Clearing the lysis bottleneck in forensic labs

HAMILTON Robotics reckons that a major bottleneck in today’s forensic laboratories is the manual lysis step, which is time consuming and creates a gap in workflows and traceability which opens the door to potential contamination and errors.

The company also says it has the answer to this problem, in the shape of the Microlab AutoLys Star, due out later this year (2012).

Building on its existing AutoLys Tubes and FlipTubes, Autolys Star will handle tubes through a special channel that takes them through the various steps of the sample lysis process.

Tubes will be automatically capped and decapped, with lids held while the pipetting channels add lysis buffer, and transferred to incubation. Tubes are held in a 24-position rack throughout the cycle, and 96 samples can be processed at a time in four racks of 24 tubes each.

Development of the system is taking place against a background of validation work taking place at the Netherlands Forensic Institute (NFI), which selected Hamilton Robotics through a tender process.

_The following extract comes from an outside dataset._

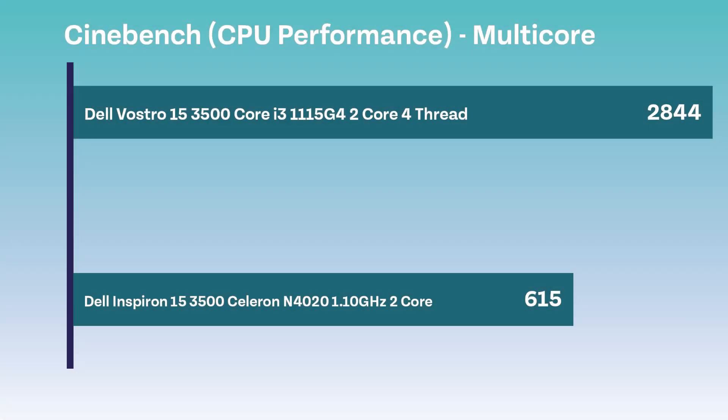So as you saw in the benchmarking process, the Core i3 Vostro laptop outperformed the Celeron Inspiron by quite a lot and gave a multicore score of 2844, whereas the Celeron only gave a multicore score of 615.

A forensics laboratory owned by the Dutch government, NFI performs most forensic DNA casework in the Netherlands and provides second opinions and analyses for cold cases.

“We had been doing the lysis step by hand” explains Bas de Jong, project manager of NFI’s department of human biological traces, “and our initial validation work on the AutoLys Star is producing comparable results. It is reducing error possibilities and contamination risk, and because it is automated it can run overnight, improving lab throughput.”